WHAT YOU ARE ASKED TO DO: Please repeat each line from the one holding "Limbung dan Guncangan" through the final line of the data, exactly as it stands, with no pictures.

Dataset items:
· · ·

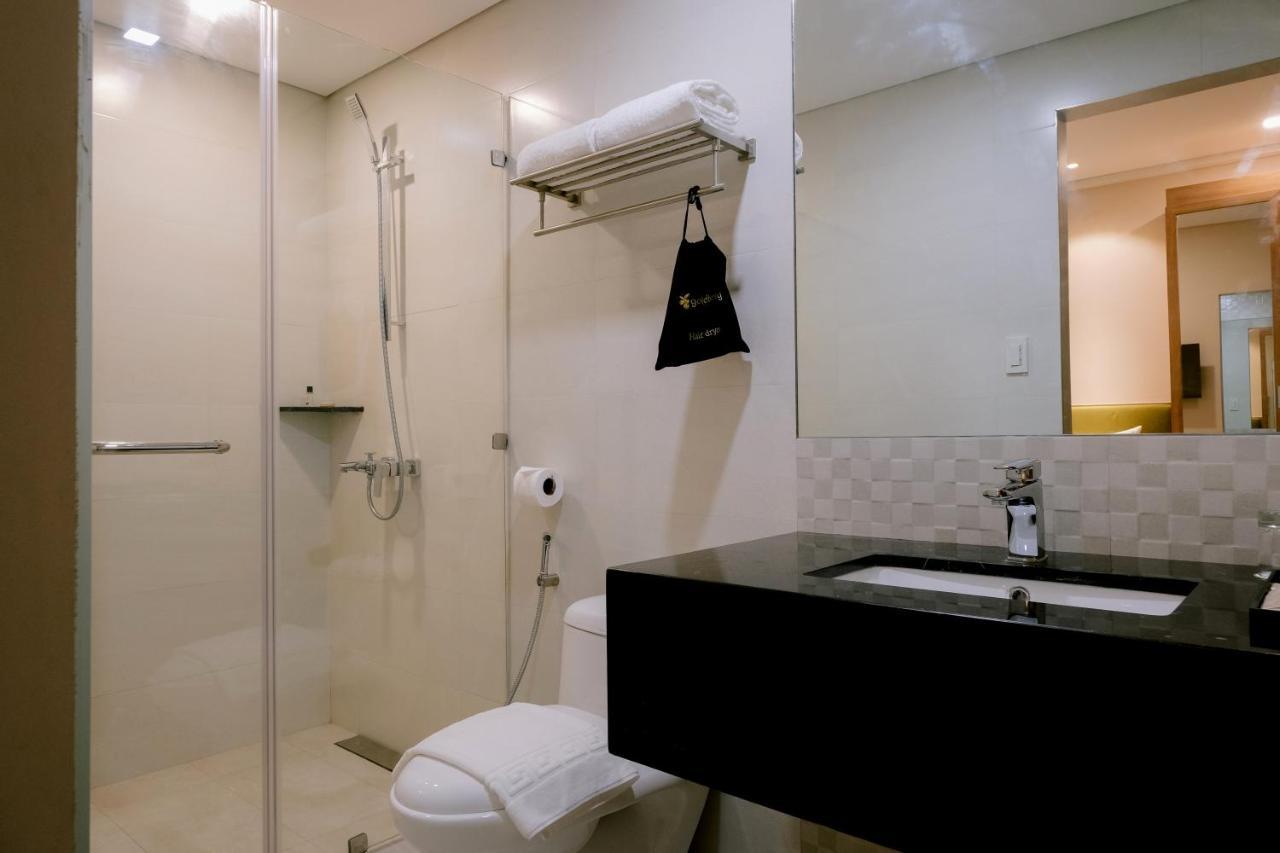 Goldberry Suites And Hotel Cebu ภายนอก รูปภาพ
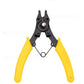 4-in-1 Internal / External Circlip Plier Set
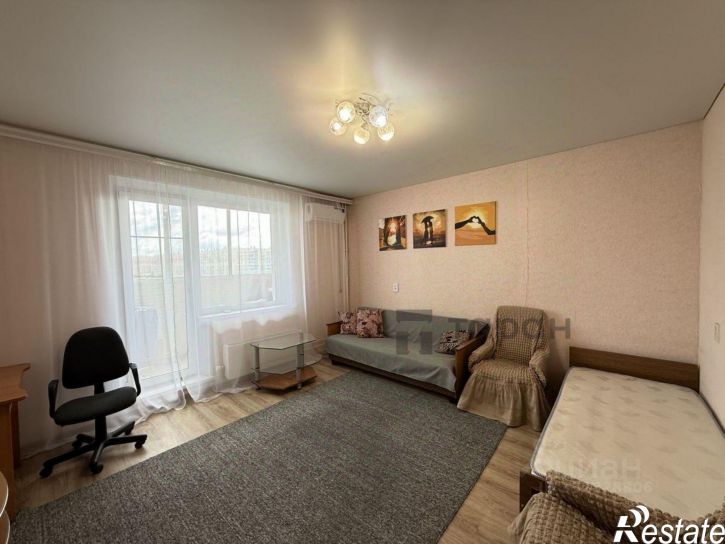 1-комн квартира ул Трашутина, 24,  д. 24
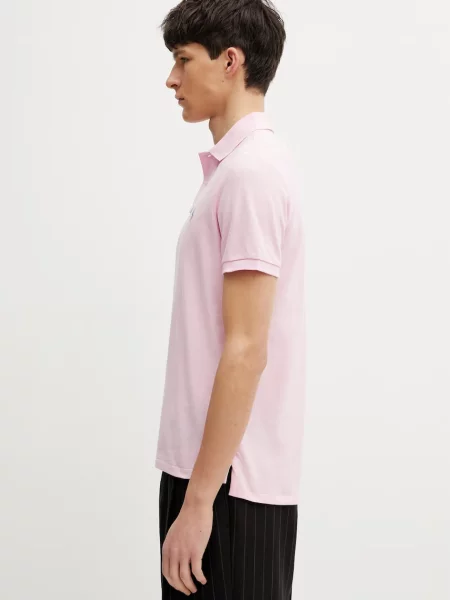 Polo Ralph Lauren Majica nebesko / roza plava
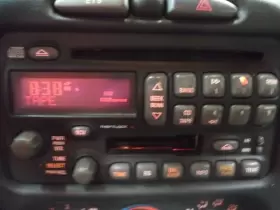638-01466A PONTIAC Audio Radio Am #3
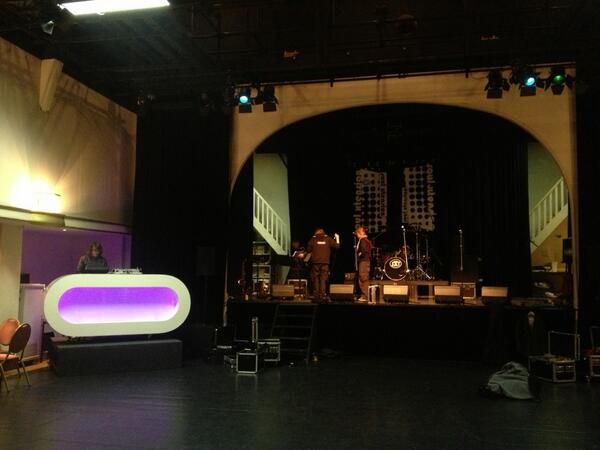 Inspiprod's tweet photo. Vanavond @DJnitefox in het #posttheater te #arnhem. http://t.co/TqW10KoacP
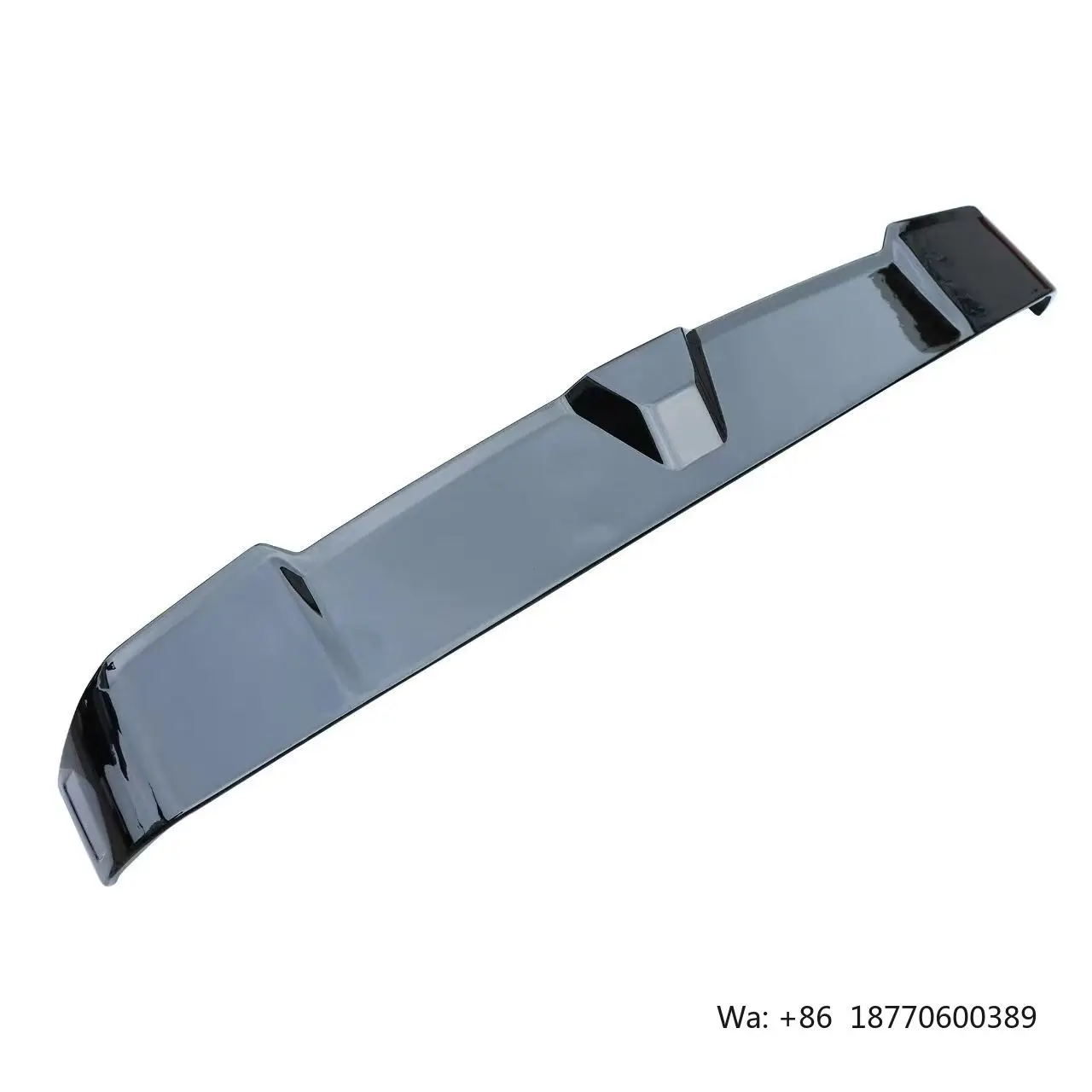 

2024-2026 Jetour T2 Accessories Rear Spoiler for Jetour Traveler T2 Roof Wing Tail Fixed Wing Offroad Exterior Modification Part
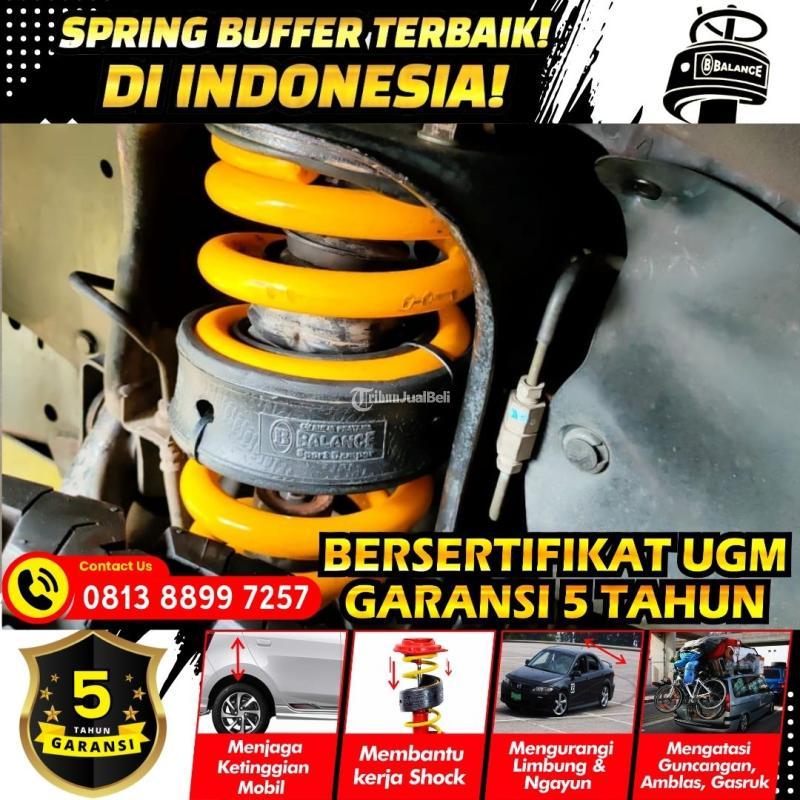 Limbung dan Guncangan Keras Mobil Teratasi Dengan Pemasangan Balance Damper - Jakarta Selatan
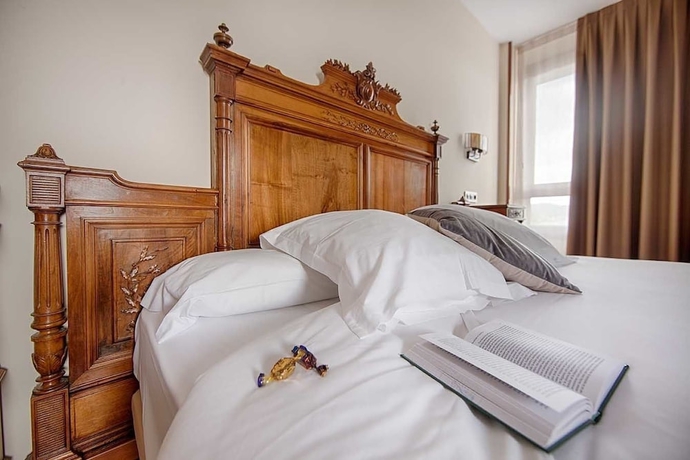 Imagen de la habitación del Hotel Zalle Don Fernando. Foto 9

· · ·

TASK ANSWER:
 Limbung dan Guncangan Keras Mobil Teratasi Dengan Pemasangan Balance Damper - Jakarta Selatan
 Imagen de la habitación del Hotel Zalle Don Fernando. Foto 9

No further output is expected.